** Data to use follows **

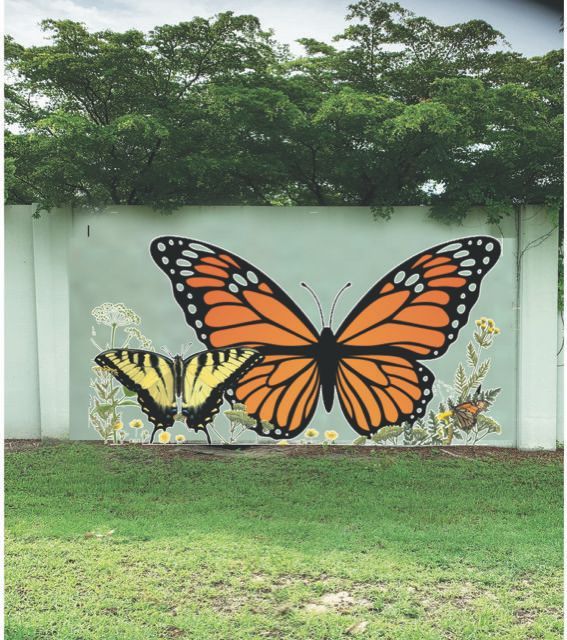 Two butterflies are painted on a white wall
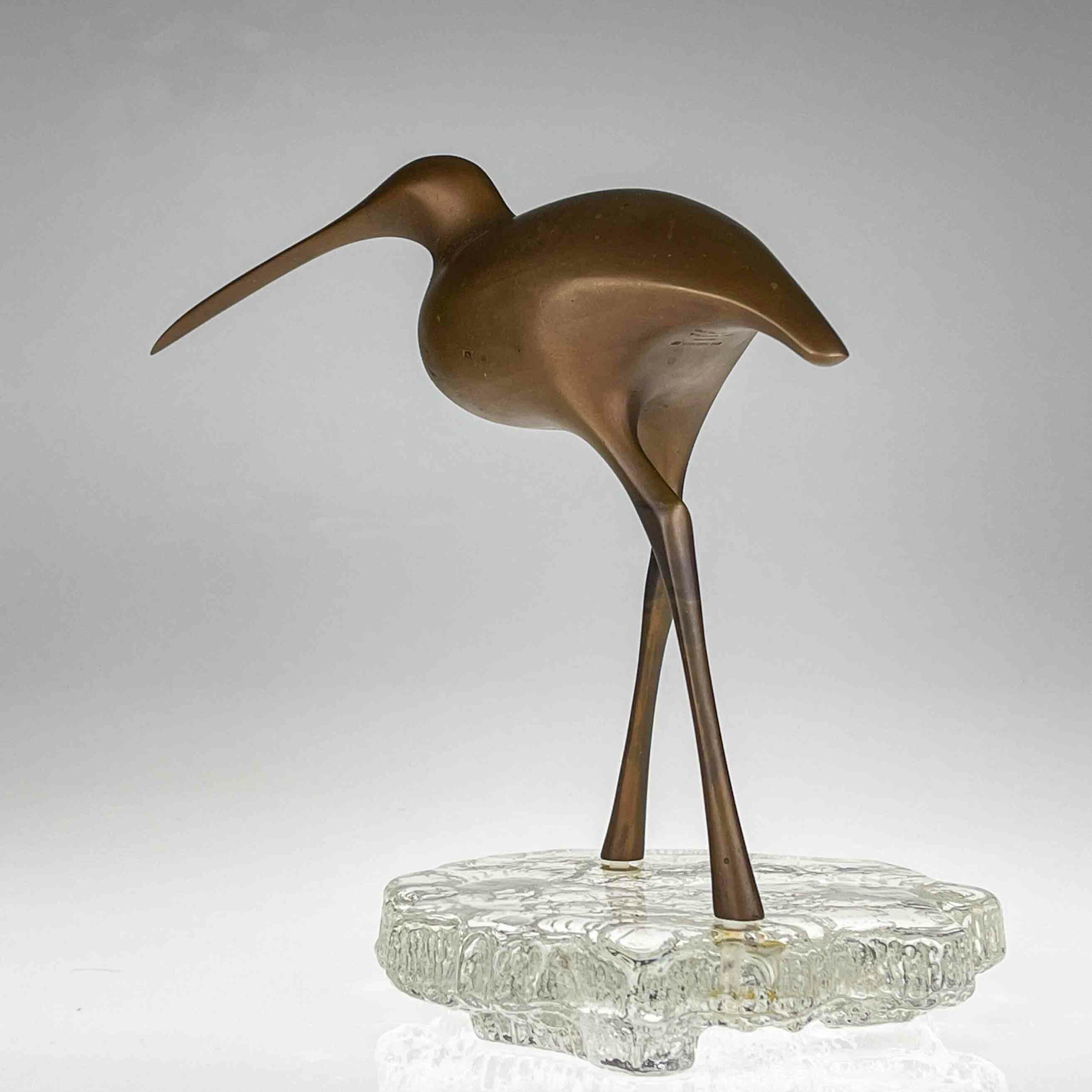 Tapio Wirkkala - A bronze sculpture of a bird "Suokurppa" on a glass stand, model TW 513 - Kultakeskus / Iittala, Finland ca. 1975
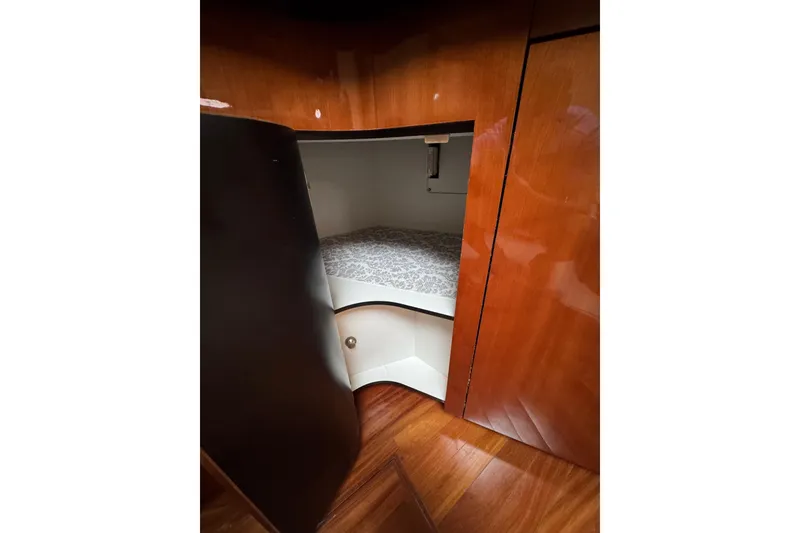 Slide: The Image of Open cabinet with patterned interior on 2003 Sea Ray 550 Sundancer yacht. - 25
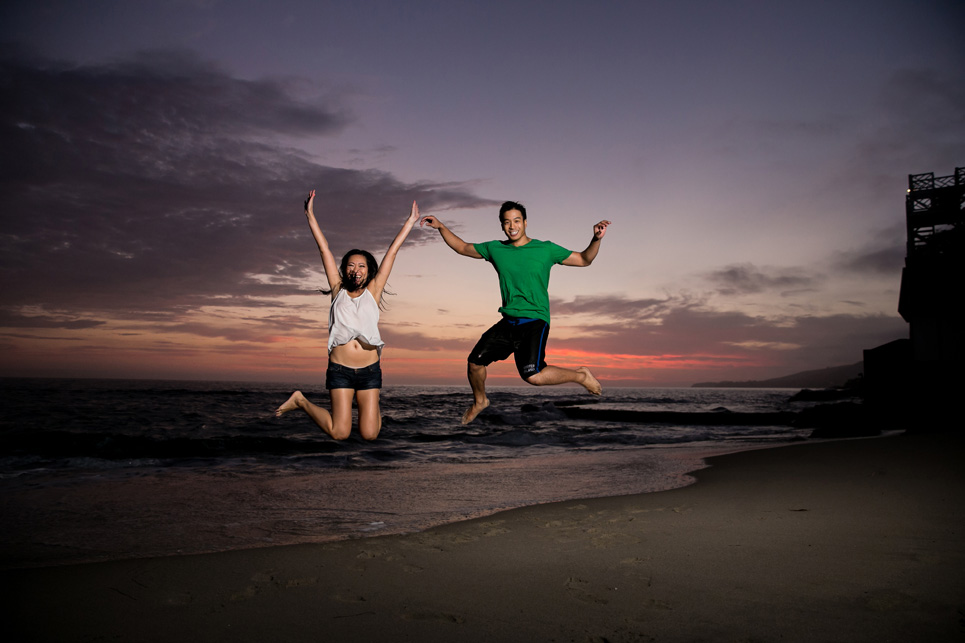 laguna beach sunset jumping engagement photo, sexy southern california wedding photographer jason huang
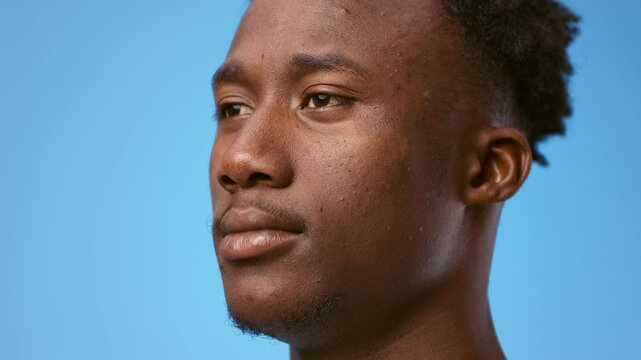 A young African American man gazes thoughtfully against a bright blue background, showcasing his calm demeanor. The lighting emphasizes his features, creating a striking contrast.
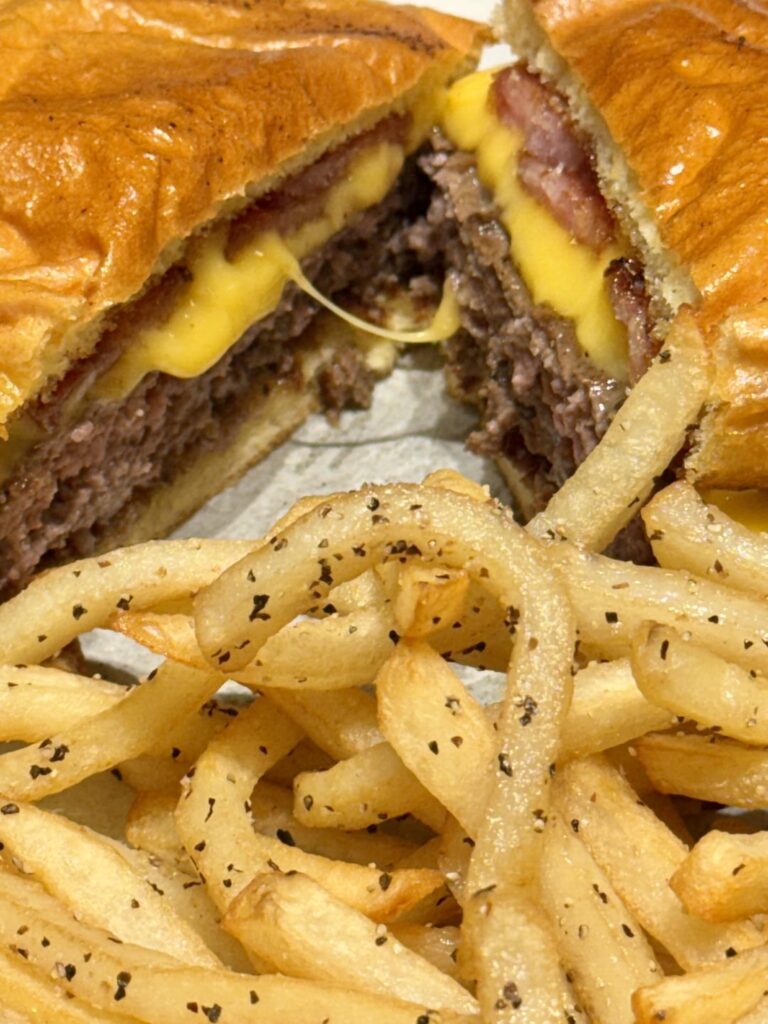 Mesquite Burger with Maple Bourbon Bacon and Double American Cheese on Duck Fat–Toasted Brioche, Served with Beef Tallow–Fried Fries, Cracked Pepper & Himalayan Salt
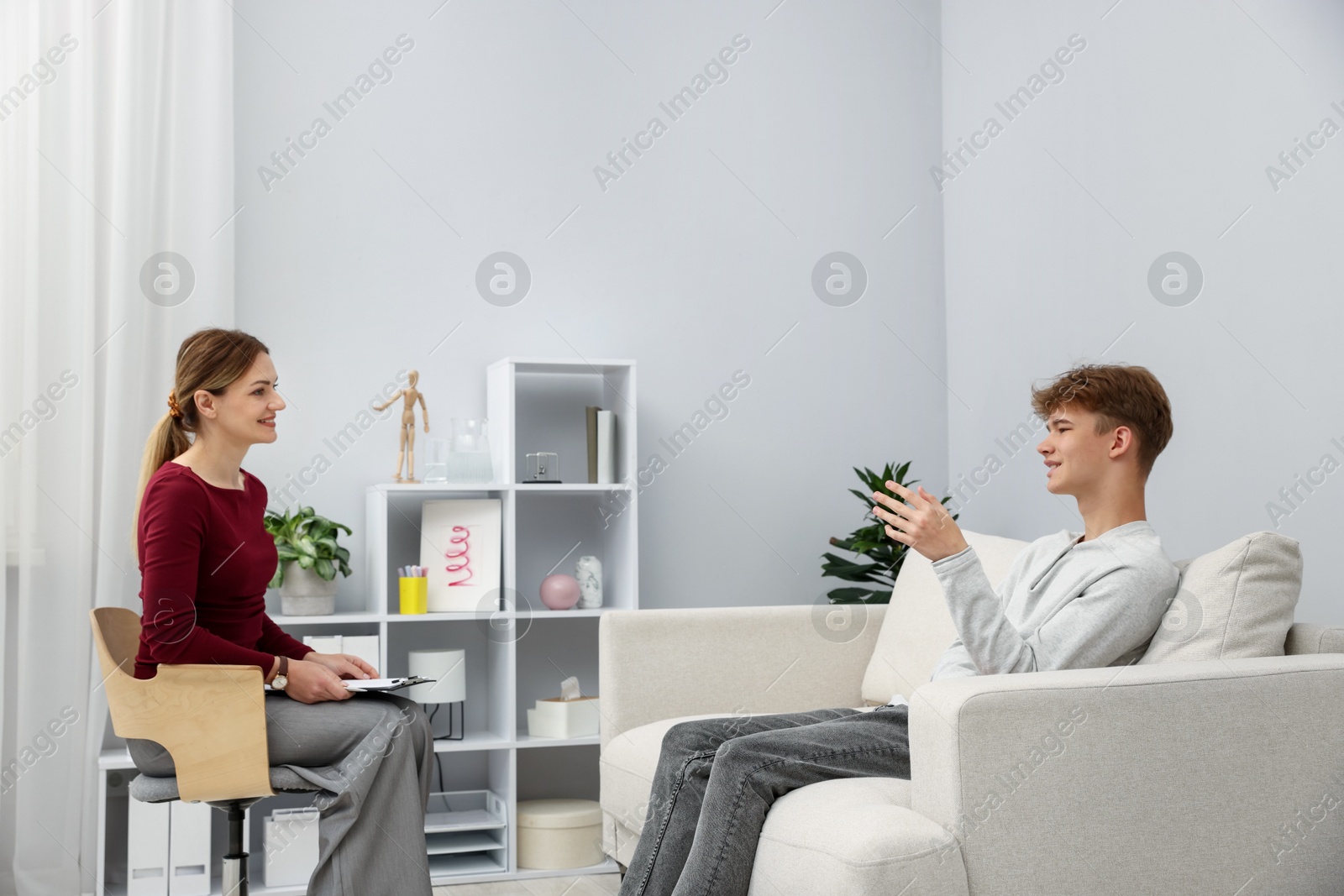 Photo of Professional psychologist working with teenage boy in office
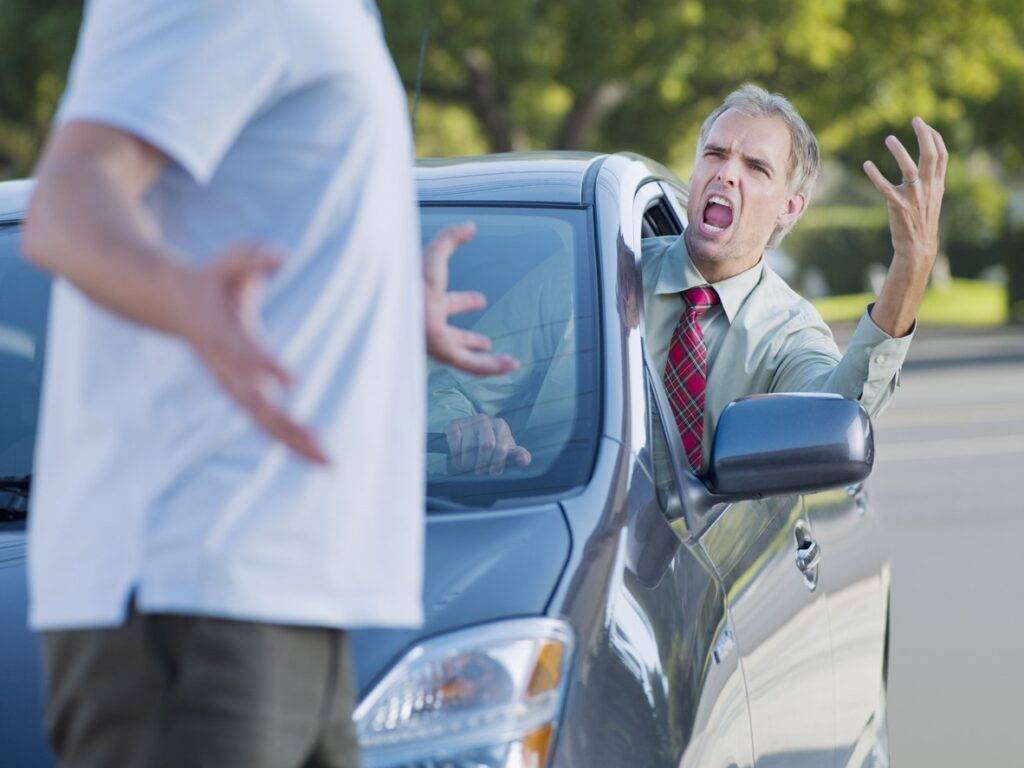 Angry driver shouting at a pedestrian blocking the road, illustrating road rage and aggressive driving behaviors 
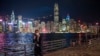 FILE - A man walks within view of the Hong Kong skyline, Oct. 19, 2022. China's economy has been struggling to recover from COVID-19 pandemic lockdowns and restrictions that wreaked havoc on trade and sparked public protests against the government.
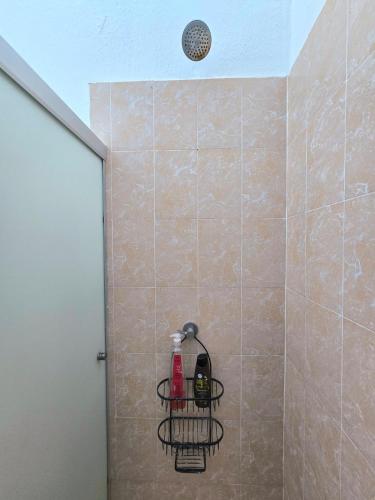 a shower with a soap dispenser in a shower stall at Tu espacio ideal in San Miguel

** End of Data to use **

Task item:
The copy should hold exactly the lines above from the one with "Angry driver shouting" through the one with "FILE - A man", both ends counted, and no pictures at all.

Task output:
 Angry driver shouting at a pedestrian blocking the road, illustrating road rage and aggressive driving behaviors 
 FILE - A man walks within view of the Hong Kong skyline, Oct. 19, 2022. China's economy has been struggling to recover from COVID-19 pandemic lockdowns and restrictions that wreaked havoc on trade and sparked public protests against the government.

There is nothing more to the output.